My initial reaction to reports of compensation paid Kwikwetlem First Nations Chief Ron Giesbrecht was wrong. Until details were gained, I assumed he had abused public funds. That reaction was encouraged by cursory media reports that were shaped by common prejudices, reinforced by what lawyer Joseph Fearon calls an “example of the ‘corrupt chief’ narrative.”
In Fearon’s excellent article, he explains the reality of income tax exemptions, which are tied to other issues and restrictions,
“For the most part, the tax exemptions in the Indian Act are also not a result of (fair or otherwise) bargaining between Canada and First Nations. In fact, the Indian Act is a piece of legislation that was imposed on First Nations people by the Canadian government.”
In late July, federal Conservatives began posting audited financial statements of Canada’s First Nations. Within hours, news organizations were churning out revelations that were short on detail but loaded with indignation. National Post immediately had writers Paula Simons, Sammy Hude and John Ivison on the subject. Every Canadian media organization was involved; a Google search [Kwikwetlem “Ron Giesbrecht” pay] showed 34,000 results.
The Kwikwetlem pay story was especially important news at Postmedia, with additional reports and commentaries by Peter O’Neil, Rob Shaw, Jennifer Hough, Jeremy Deutsch, Tamsyn Burgmann, Mark Milke, Kelly Sinoski, Chad Skelton, Chris Selley, Tristin Hopper, Jordan Bateman, Derek Fildebrand and others. Thousands of reader comments gave emphasis to the outrage, including many rants coloured by racism and ignorance.
I found that strange because while preparing a recent article about Postmedia, I discovered the failing company’s CEO, Paul Godfrey, scored a 50% raise in 2013, bringing his compensation to $1.7 million. He got rewarded lavishly – a term Postmedia used in stories described above – even though his company has suffered losses in every year of its existence, has failed regularly to meet financial objectives promised investors and is sustained only by selling its assets, the supply of which will soon be exhausted. It is the corporate equivalent of an arthritis sufferer amputating limbs to lessen pain.
So, did Paul Godfrey’s $600,000 raise draw attention from a platoon of Postmedia writers? Well, not quite. The only report about the boss’s compensation was an inaccurate one that disclosed nothing of a massive raise and just part of his pay package. The equivalent would have been to report that Ron Giesbrecht earned $84,800 as Chief and Development Officer. In the Financial Post, Christine Dobby wrote,
“Postmedia said Friday it extended Mr. Godfrey’s contract, which includes a base salary of $950,000, until the end of 2016.”

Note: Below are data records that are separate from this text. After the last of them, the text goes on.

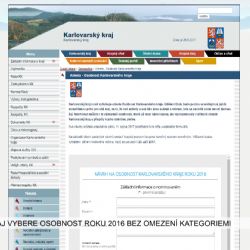 Region: Kraj vybere Osobnost roku 2016 bez omezení kategoriemi (TV Západ)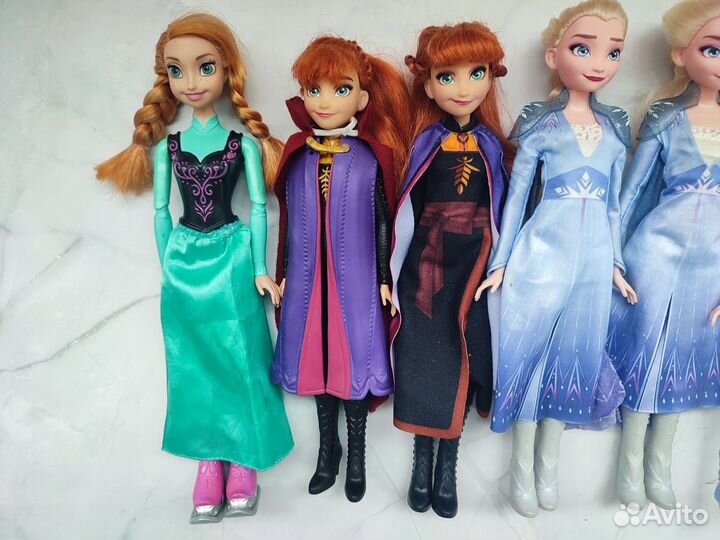 Кукла Эльза Анна Холодное сердце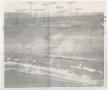 Photograph: [Copy of an Aerial Photograph Showing Troops at Camp Hulen]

Ron Giesbrecht was rewarded by a percentage of gross profits on development projects that allowed the band to increase its revenues by $10 million or 455% in a single year. The money gained is controlled by the Kwikwetlem Council and is available for whatever purposes the band members decide.
Despite what has been reported by media, the Chief did not, by himself, make a deal for himself. The vast majority of his compensation was not from funds provided by governments for capital projects, education, social or other programs. It came from commercial arrangements, negotiated with outside parties who found the agreements satisfactory for their purposes. Were it not for bigotry, the business press (and the CTF) would be applauding Kwikwetlem FN profitability and movement toward self-sufficiency.
Undoubtedly, many organizations make arrangements to share profits earned by their enterprises. As noted above, some provide rewards even in the absence of profits. Arrangements may be lavish; they may be austere, but in nearly every case not involving indigenous people, those are the affairs of organization managers and stakeholders. If the deal between the Kwikwetlem band members and their Chief was properly authorized and documented, there should be little more to say. According to the audit report prepared by independent professional accountants, there were no problems:
“The Kwikwetlem First Nation maintains systems of internal accounting and administrative controls of high quality, consistent with reasonable cost. Such systems are designed to provide reasonable assurance that the financial information is relevant, reliable and accurate and the Kwikwetlem First Nation’s assets are appropriately accounted for and adequately safeguarded.
“The Kwikwetlem First Nation Council is responsible for ensuring that management fulfills its responsibilities for financial reporting and is ultimately responsible for reviewing and approving the financial statements.
“The Council meets periodically with management, as well as the external auditors, to discuss internal controls over the financial reporting process, auditing matters and financial reporting issues, to satisfy themselves that each party is properly discharging their responsibilities, and to review the financial statements and the external auditors report.”
Plutocrats and their media supplicants may be uncomfortable with shifting away from paternalistic treatment of First Nations and making fair resolutions for the harms caused. However, those are realities of 2014. The constitution and the Supreme Court of Canada dictate changed attitudes and a new style of cooperation.